» **Work to complete**: Copy the data verbatim and leave out every picture.

» **Data extract**:
[Start of Attachment]
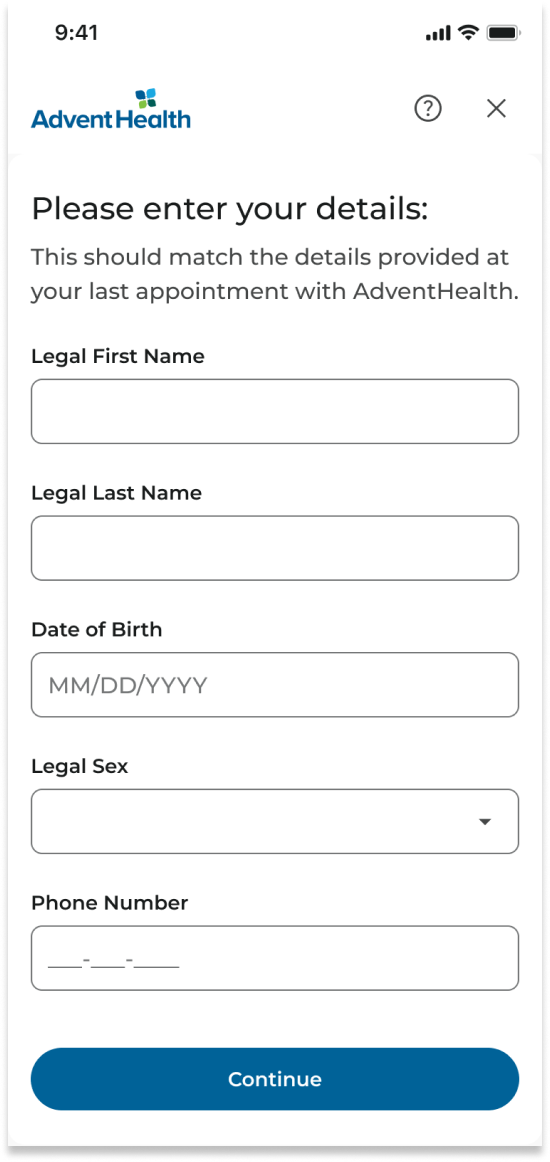 Existing record connection form asking patients to enter their details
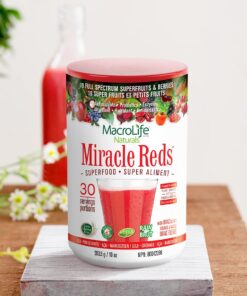 MacroLife Naturals Miracle Reds Superfood Supplement Powder Antioxidants Polyphenols Enzymes Probiotics - Raw Non-GMO Organic Vegan Gluten & Dairy Free - 10oz (30 Servings) 30 Servings (Pack of 1) 17 61RVbgMRHeL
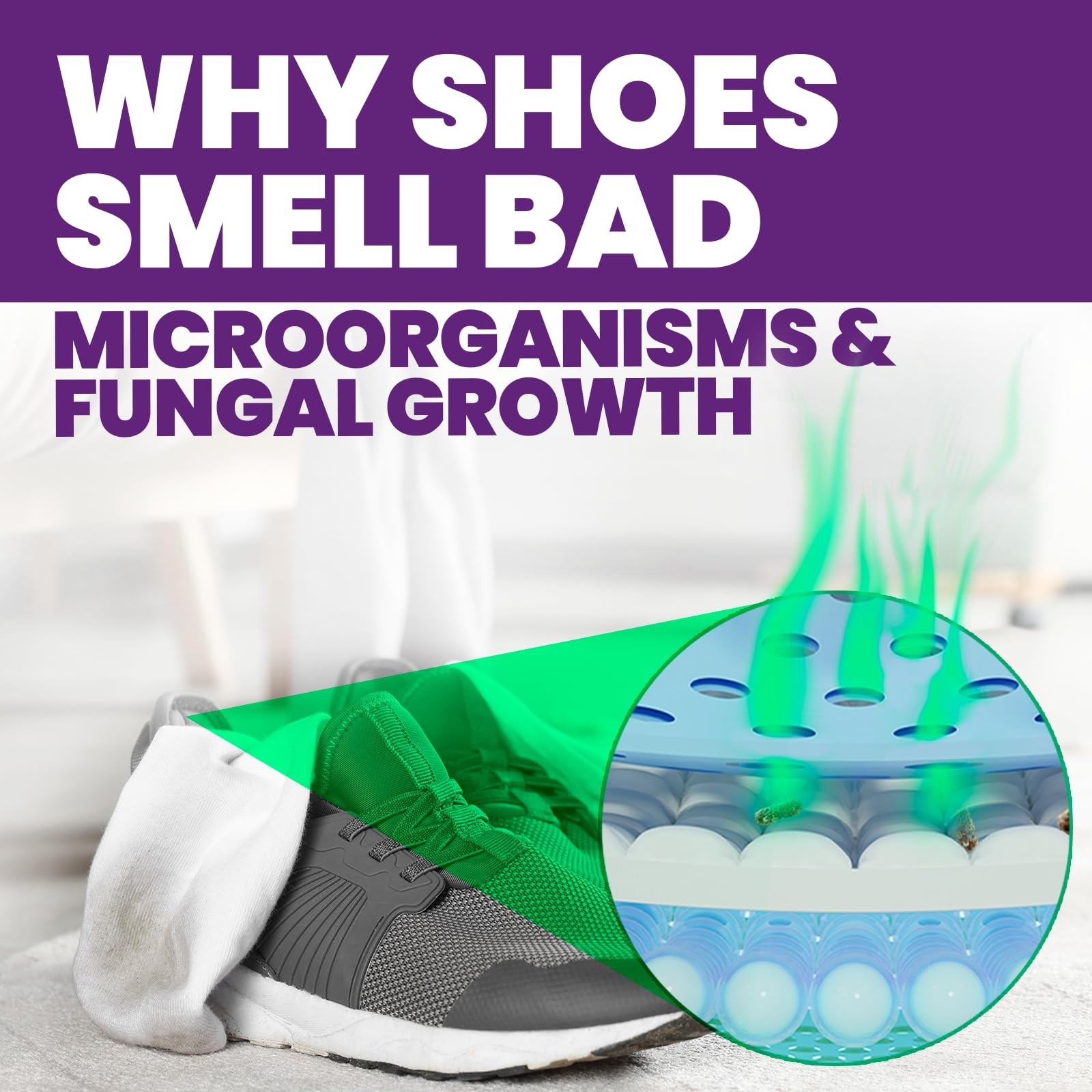 Uncle Todd’s Shoe Deodorizer Spray Powerful Enzyme Formula Midnight Rain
[End of Attachment]
» **Task output**:
 Existing record connection form asking patients to enter their details
 MacroLife Naturals Miracle Reds Superfood Supplement Powder Antioxidants Polyphenols Enzymes Probiotics - Raw Non-GMO Organic Vegan Gluten & Dairy Free - 10oz (30 Servings) 30 Servings (Pack of 1) 17 61RVbgMRHeL
 Uncle Todd’s Shoe Deodorizer Spray Powerful Enzyme Formula Midnight Rain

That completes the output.